This is a news release from the University of Southern Mississippi
On any given day, you can find Jim Franks inside the University of Southern Mississippi's Gulf Coast Research Laboratory (GCRL) or out on Gulf Coast waters, studying the habitats and conditions of fish along the Mississippi Coast and beyond.
Franks has spent half a century studying creatures of the Gulf Coast, namely fish of all shapes and sizes. The senior research scientist works with a team that constantly monitors fish stock in the northern Gulf of Mexico.
"It's never the same. Things are always changing. The environment in Gulf waters is extremely dynamic so marine resources respond accordingly.

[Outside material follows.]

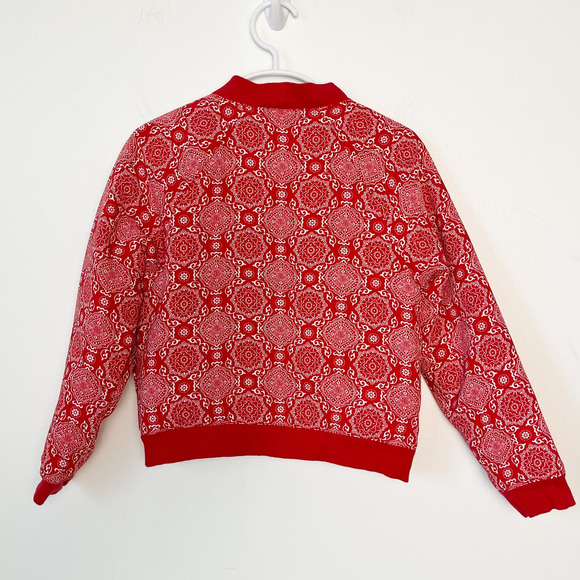 Janie and Jack x Juno Valentine Cherry Red Bandana Bomber Jacket Girls 6 Zip Up - Picture 3 of 8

We have to continue to monitor and conduct our research to better understand those responses, both natural and man-made," Franks said.
To assist Franks and his colleagues in this important work, Southern Miss recently acquired a new research vessel that has been named in honor of Franks and his lengthy career with the University.
The 60-foot research vessel -- R/V Jim Franks -- is the newest addition to GCRL's fleet and will replace the R/V Tom McIlwain, which is being retired later this year. Planning for the R/V Jim Franks began in 2012 with the actual on-site construction at the GEO Shipyard beginning in early 2015.
After a poll of GCRL faculty and staff, the decision was made to immortalize the work and dedication of the still-practicing fisheries biologist by naming the new research vessel in Franks' honor.
The vessel will reinforce the work being conducted by the Southern Miss Center for Fisheries Research and Development. The center works with many government agencies to evaluate the condition of the coastal eco-system.
"Our research is far-reaching not only just here in our Mississippi waters, but we collaborate all over the gulf region and Caribbean," said Franks.
Franks has seen the department grow from a handful of scientists to dozens of people ranging from faculty and staff to students who are completing their education with hands-on marine science research experience.
"Just to answer critical problems, and the mystery of how marine life functions here in the Gulf of Mexico. Still so many unknowns and to me that's exciting," said Franks. "Working with students and giving them the opportunity to participate in the work. Seeing them grow, develop & become our future scientists. They get excellent training, experience at the university and GCRL."
The research vessel will be officially launched sometime this summer.